BEGIN GIVEN DATA
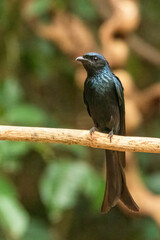 The Black Drongo (Dicrurus macrocercus) is a medium-sized bird with glossy black plumage, a deeply forked tail, and bright red eyes. 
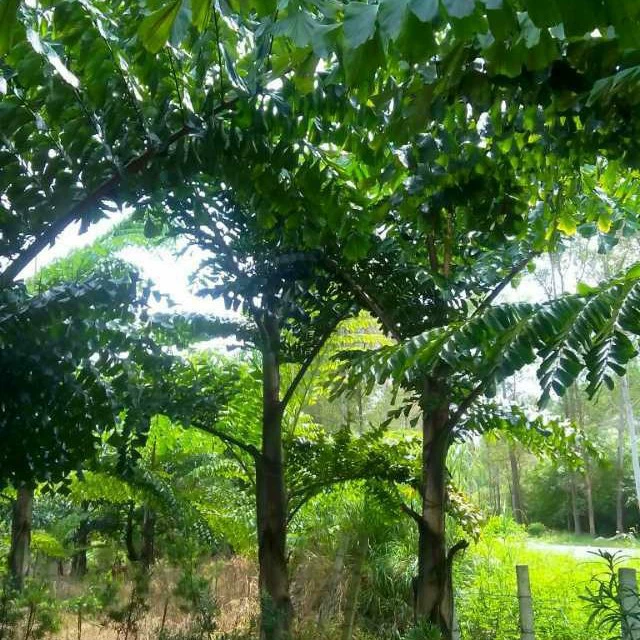 209 Поставка Донг Браун 3-10 метров высотой саженцы искусственные саженцы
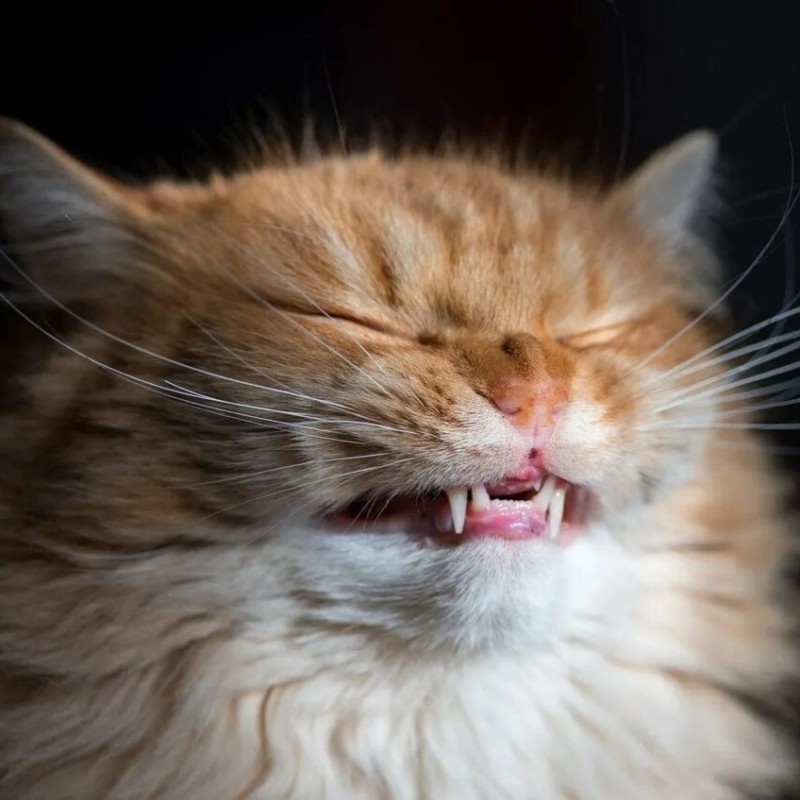 Create meme: cat , smiling cat, laughing cat 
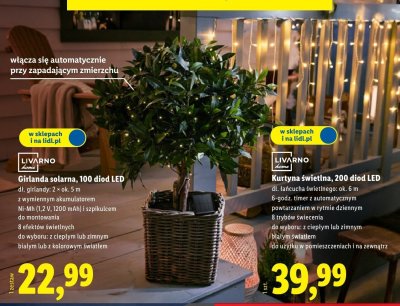 Girlanda solarna LIVARNO, 100 diod LED promocja w Lidl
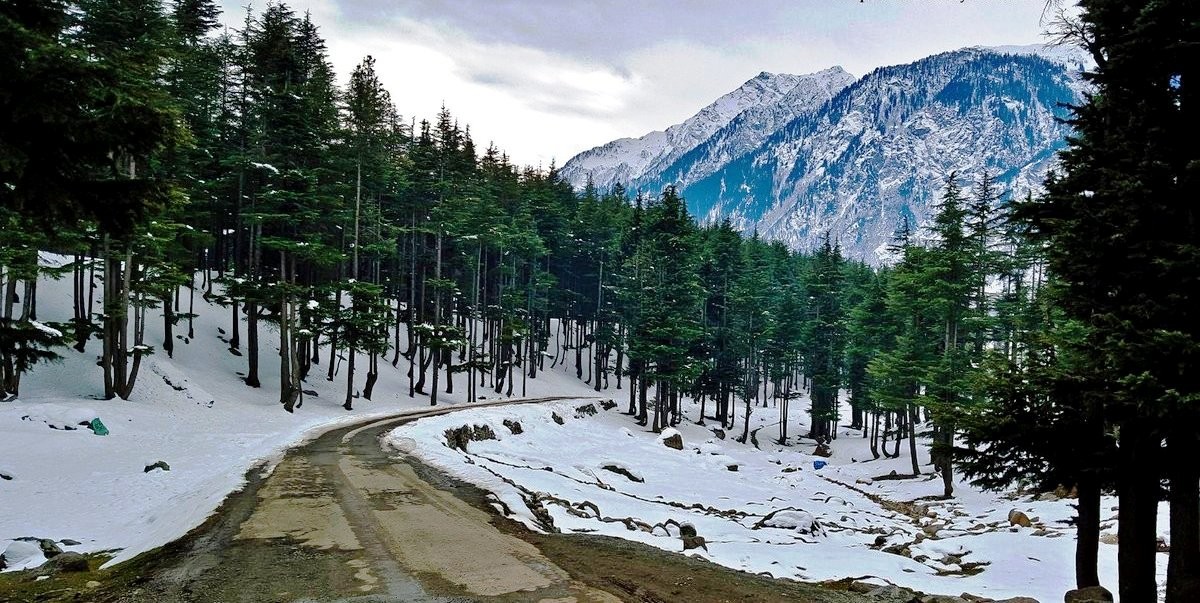 Ushu Forest  The Crown Jewel of Swat Valley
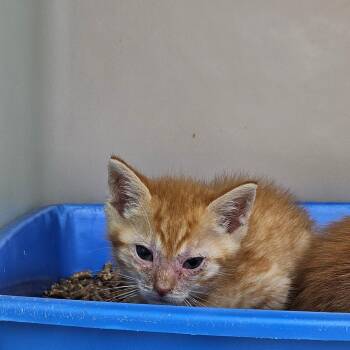 Hawke -  Domestic Short Hair Cat for Adoption in Ridgely, Maryland - Hawke | PetCurious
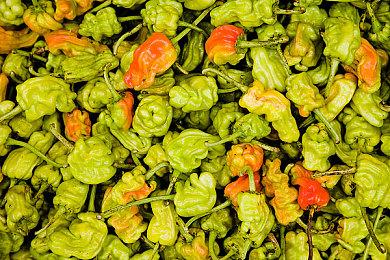 《GTA三部曲：终极版》首发灾难之后，开发商被撤换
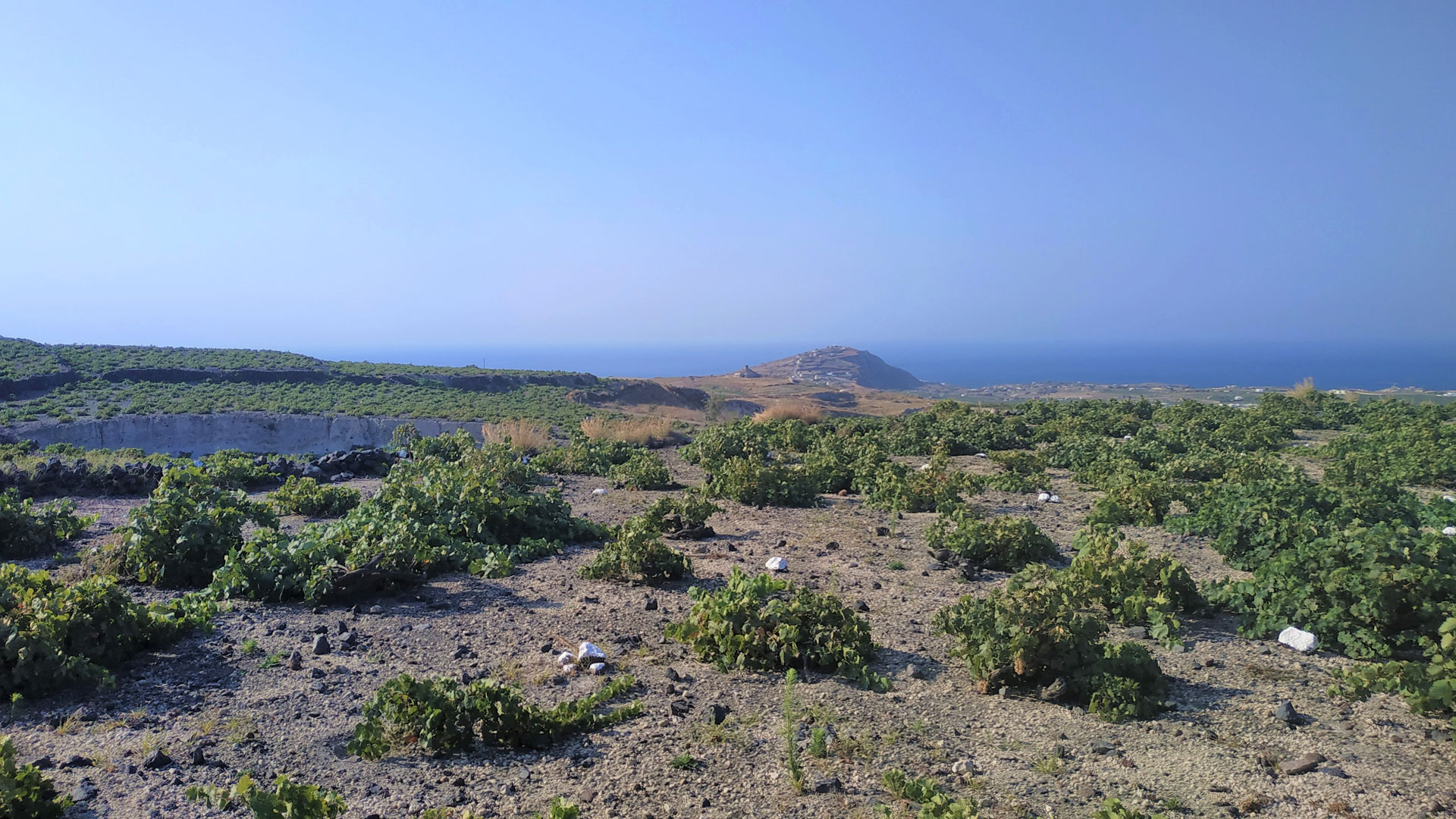 ANHYDROUS Αμπελώνας Σαντορίνη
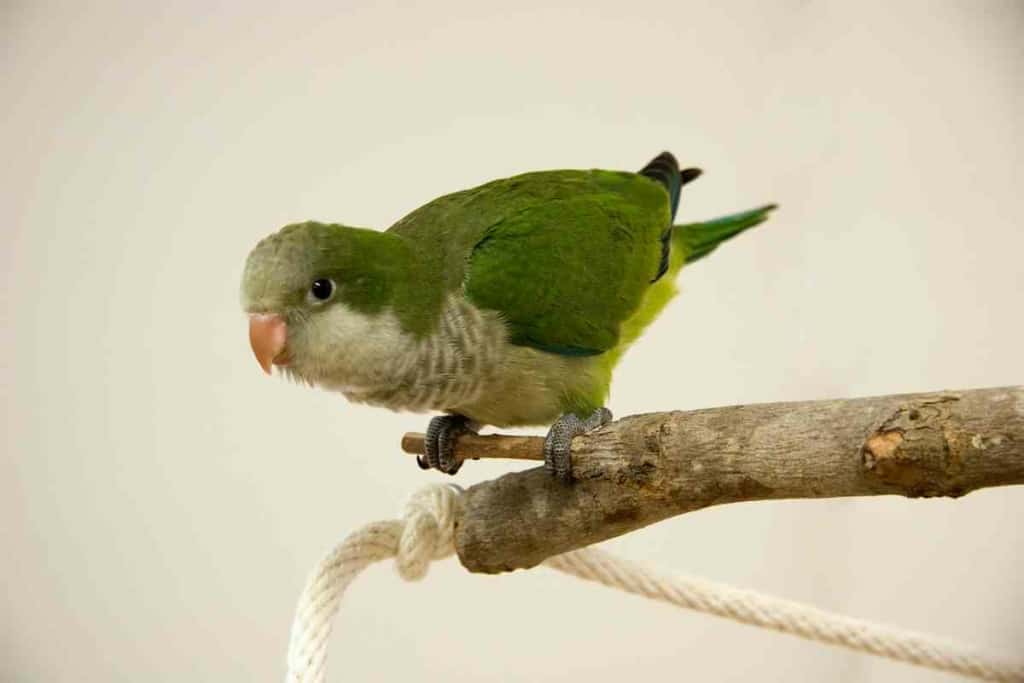 Does Petco sell Quaker parrots Quaker Parrots: Are These Chatty Birds For Sale At Petco?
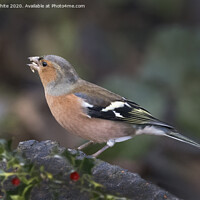 Buy canvas prints of Chaffinch with seeds in beak by Kevin White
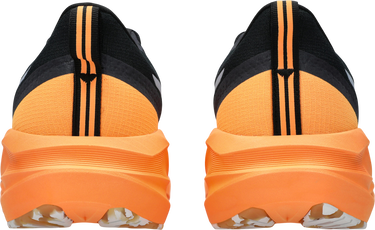 Кецове и обувки Asics NOVABLAST 5 LITE-SHOW Многоцветен | 1011c119-400, 1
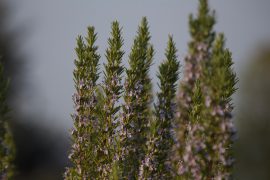 blühender Rosmarin als Futerquelle im Frühling für die Bienen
END GIVEN DATA
# TASK DETAILS
Write the records above out again exactly, with no pictures in your copy.

# ANSWER FOR THE TASK
 The Black Drongo (Dicrurus macrocercus) is a medium-sized bird with glossy black plumage, a deeply forked tail, and bright red eyes. 
 209 Поставка Донг Браун 3-10 метров высотой саженцы искусственные саженцы
 Create meme: cat , smiling cat, laughing cat 
 Girlanda solarna LIVARNO, 100 diod LED promocja w Lidl
 Ushu Forest  The Crown Jewel of Swat Valley
 Hawke -  Domestic Short Hair Cat for Adoption in Ridgely, Maryland - Hawke | PetCurious
 《GTA三部曲：终极版》首发灾难之后，开发商被撤换
 ANHYDROUS Αμπελώνας Σαντορίνη
 Does Petco sell Quaker parrots Quaker Parrots: Are These Chatty Birds For Sale At Petco?
 Buy canvas prints of Chaffinch with seeds in beak by Kevin White
 Кецове и обувки Asics NOVABLAST 5 LITE-SHOW Многоцветен | 1011c119-400, 1
 blühender Rosmarin als Futerquelle im Frühling für die Bienen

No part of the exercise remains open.